Nella cattolicissima Croazia ustascia oltre un milione di Serbi, uomini, donne e bambini, furono massacrati dal 1941 al 1945, nei modi più crudeli. Unica loro colpa quella di essere ortodossi, cioè contrari alla Chiesa di Roma.
La maggior parte di questi massacri, oltre che nei campi di sterminio, avvenne nelle strade, nei villaggi, ovunque sotto gli occhi di tutti. Una follia omicida istigata dalla stampa cattolica e dai vescovi tuonanti dai pulpiti all’eccidio. Bande di assassini comandate da preti e da frati. Ai malcapitati prigionieri veniva imposto di abiurare e di convertirsi al cattolicesimo. Conversioni collettive dopo le quali seguiva l’eccidio con i carnefici che gridavano: “Avete salvato l’anima, ma il vostro corpo ci appartiene”.

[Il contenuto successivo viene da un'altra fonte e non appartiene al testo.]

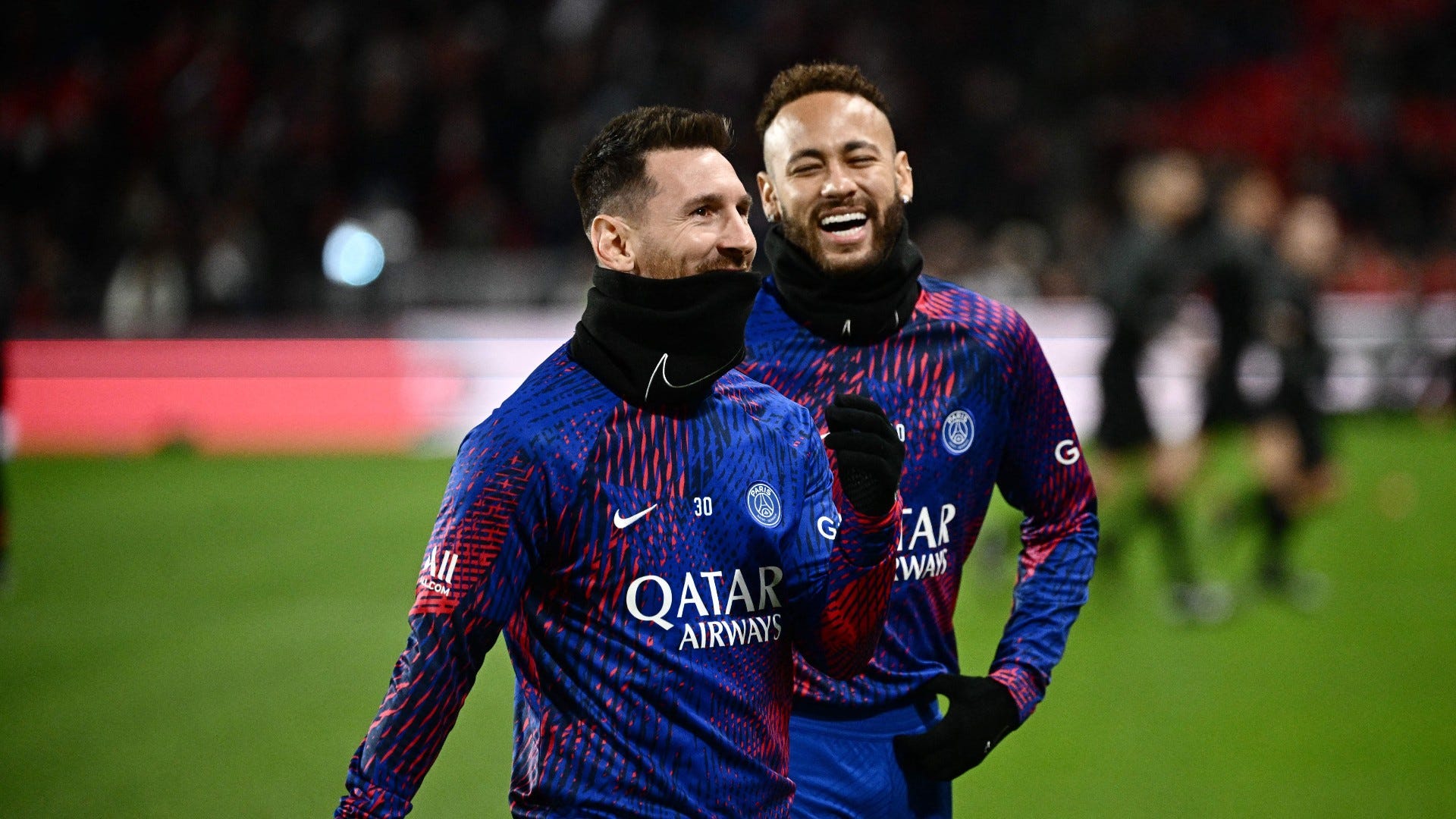 Mbappe BENCHED but Messi & Neymar both start for PSG in Ligue 1 clash with Rennes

In quel contesto l’orda ustascia distrusse 292 chiese ortodosse, i cui beni vennero incamerati dalla Chiesa cattolica. Centinaia i religiosi ortodossi uccisi insieme ai cinque vescovi di questa chiesa. Ogni esecuzione un atto di efferata crudeltà. Valga per tutte la descrizione della fine di uno di questi: monsignor Dobrosavljevic, vescovo di Ototac, fu catturato con il figlio. Furono condotti vicino ad un pozzo e il ragazzo fu fatto a pezzi, a colpi di accetta, davanti agli occhi del padre, costretto a guardare. Furono quindi strappati al vescovo i capelli e la barba e, cavatigli gli occhi, venne finito a colpi di scure. Tutto ciò sotto gli occhi di Stepinac, intento a flirtare con il macabro governo ustascia.

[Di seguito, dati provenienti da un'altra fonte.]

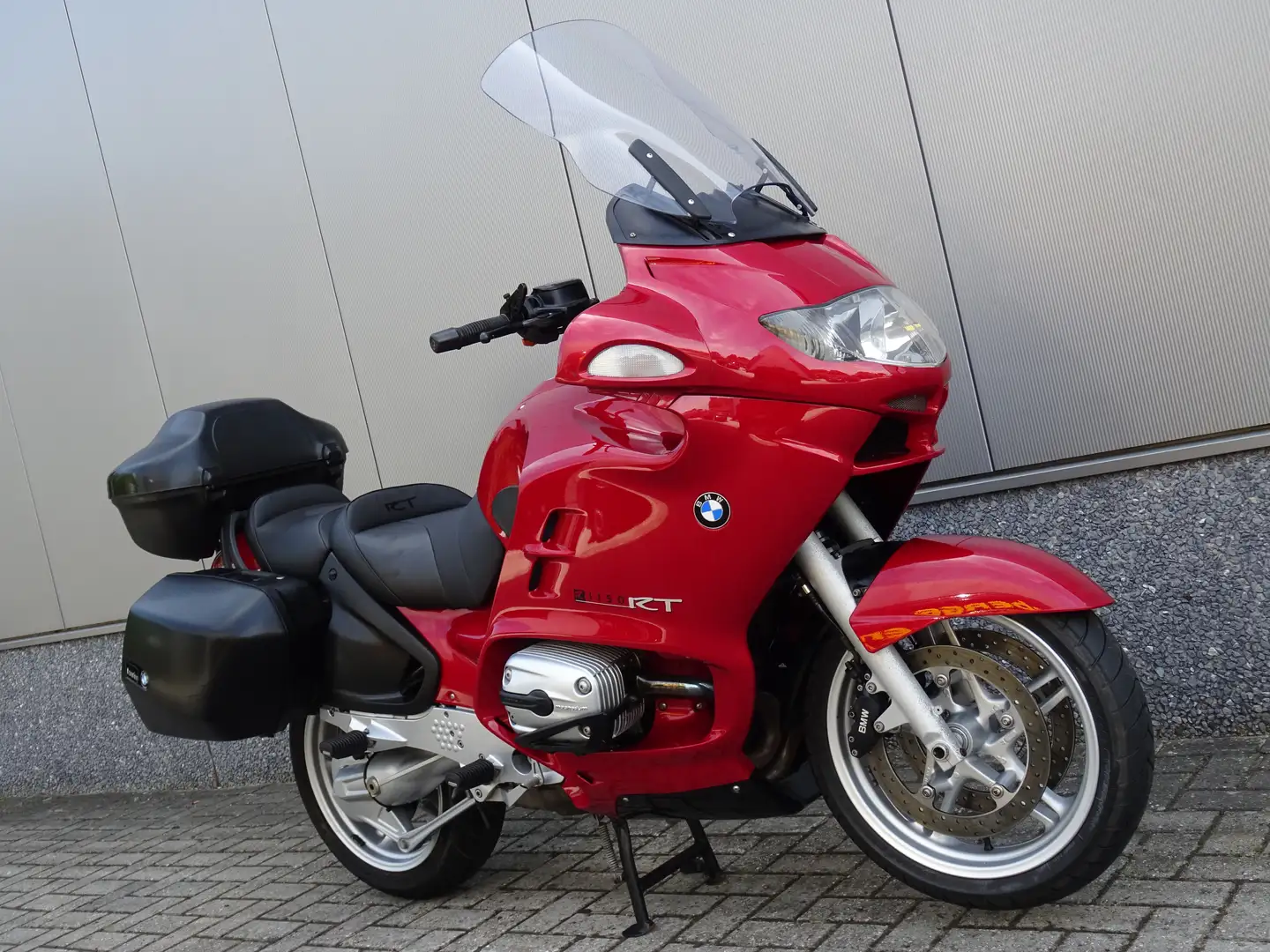 BMW R 1150 RT Rood - 2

Nel corso delle mie ricerche, sui luoghi dei delitti, tutti i testimoni da me intervistati sono stati concordi nel descrivermi le bande degli sterminatori con sempre al comando preti e frati francescani. Di questi indegni uomini di chiesa ho un elenco di 138 nomi nonché molte fotografie, in uno delle quale uno di essi regge per i capelli la testa tagliata ad un serbo. Bande di sacerdoti e vescovi criminali, aiutati dal Vaticano, nel dopoguerra, a fuggire all’estero. Tra questi Ante Pavelic, il capo di tutti questi mostri. Sono stato a Jasenovac dove 600mila veri martiri, uomini, donne e bambini, furono sterminati.

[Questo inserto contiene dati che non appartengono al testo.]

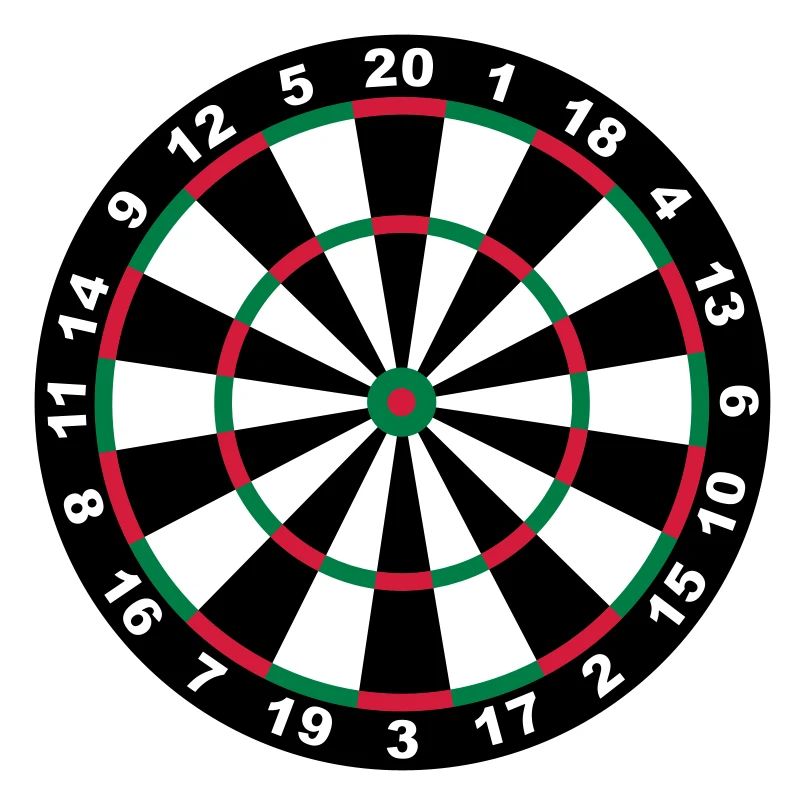 Target for darts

Camminando in quel campo dell’orrore, con le lacrime agli occhi, mentre mi tornavano in mente nomi di infelici già destinati all’oblio, ho pensato immodestamente di avere contribuito a far sì che il loro sacrificio non venisse dimenticato.
La distanza fra Banja Luka e Jasenovac è breve. Wojtyla, il Santo Padre di una Chiesa che molto spesso ha disatteso i dettami di Cristo, avrebbe fatto bene a percorrerla.